Q: Can we really do this?
Absolutely. Quality public or municipal (City-run) housing of this form is common across the world. We've crafted this measure based on approaches taken by other programs that have passed across the world. We just need volunteers to get this measure on the ballot and help spread the word. We can do this!
Q: The affordable housing sounds good, but why all the amenities, like childcare and public restrooms?
This measure isn't the sort of short-term, single-issue solution you're used to seeing from politicians. We're looking holistically at what causes communities to thrive or struggle. Working families need full-day childcare nearby so that both parents can keep their careers, and so their children can get equal footing in school. We also need accessible community facilities, to gain access to all of the resources our city provides. Finally, we're building public restrooms around the city because we believe in basic human dignity and sanitation.
Q: How is this different from what we're doing now?
Right now, the city doesn't invest enough in affordable housing on its own. Much of the money for affordable housing comes from "set-asides" or "feeing-out" of actually building affordable housing; when a developer builds a luxury tower, they're required to at least set aside ~15% of units for below-median-income households, or pay a fee. But that means we have to build around 85 overpriced units for every 15 units that are decently affordable to San Franciscans! A program like that can never meet our affordability needs as it stands, and it clearly hasn't.
Meanwhile, the federal government has also been under-funding HUD over several decades, from Reagan to Trump.
So we're changing the rules — we'll get our own funding, and we'll renovate and build homes for our community without the luxury developers, international tycoons, or Wall St speculators.
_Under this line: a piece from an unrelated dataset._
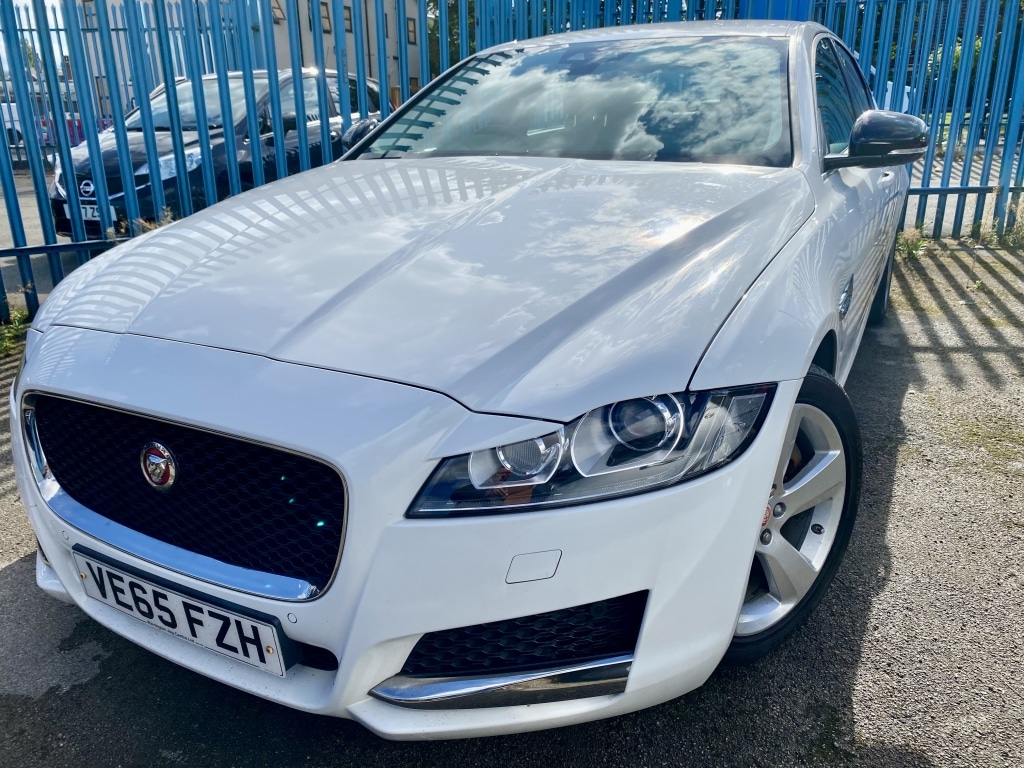 Used Jaguar XF 2015 for sale - 75836573: Photo 2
This is San Francisco — we should show bold leadership when the federal government and wealthy investors aren't representing our communities!
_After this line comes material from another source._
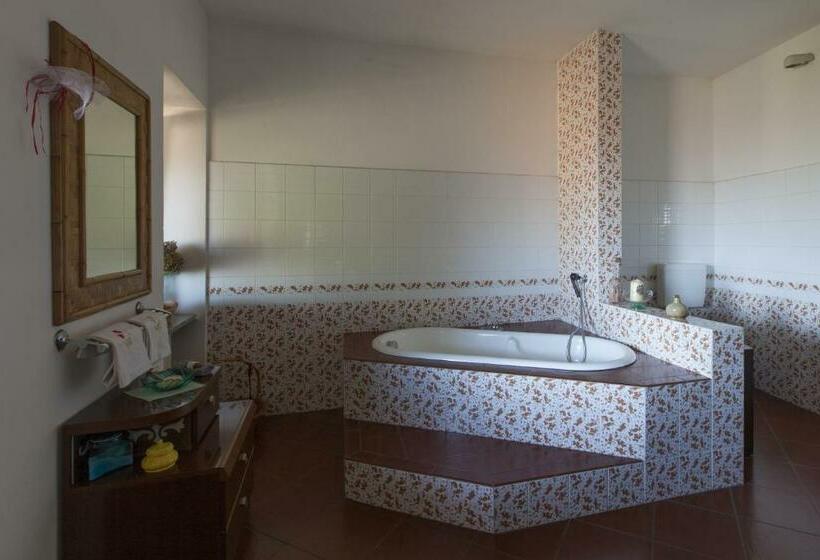 آپارتمان 2 خوابه با تراس, B&b La Rampichina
Q: How is this different from our old public housing?
In many parts of the world, including parts of Europe and Asia, publicly-owned housing is the backbone of modest-income and middle-class communities. This measure was written with the advice of immigrants from Europe and Asia who grew up in municipal housing and want to show Americans just how good it can be. We also collaborated with former SF Housing Authority staff, SF planners, housing activists, and other policy wonks to find exactly where we were going wrong. The difference boils down to investment and accountability.
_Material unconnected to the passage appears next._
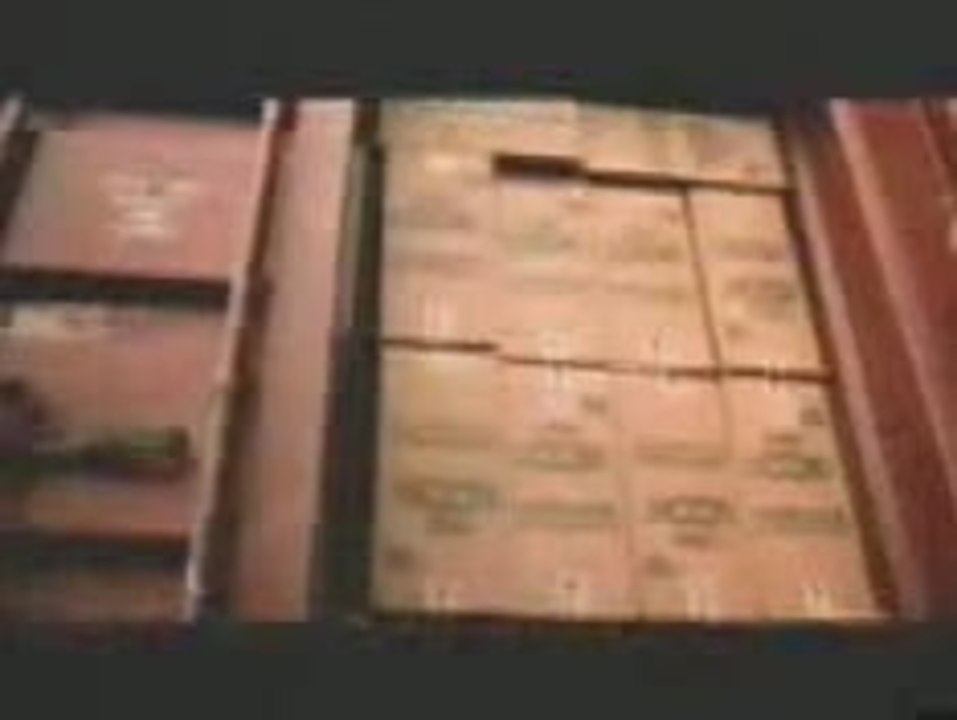 Flickering Lights (2001) Trailer (German/Deutsch) video Dailymotion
In SF, we didn't hold our local elected officials accountable for federal public housing, and the federal government seriously defunded maintenance over several decades. This measure changes who's accountable for the housing — instead of the federal government, you, the Mayor, and the Board of Supervisors have a say. On top of that, we've crafted the measure to ensure that housing complexes remain self-sustainable in terms of rent covering costs, so the city can keep expanding its stock of permanently affordable municipal housing.
Q: If we win, how do I apply to live there?
For vacant units (new construction or folks naturally moving out), there will be an application process, and you'll have to live or work in SF as described in our "Details" page. Specifically, you'll have to prove SF residency, student, or work status, and pledge not to own a "second home" or rent a unit elsewhere in the city if you're accepted. After that, there will be regular monthly lotteries for new applicants, for any vacant units created by new construction or tenants choosing to move out.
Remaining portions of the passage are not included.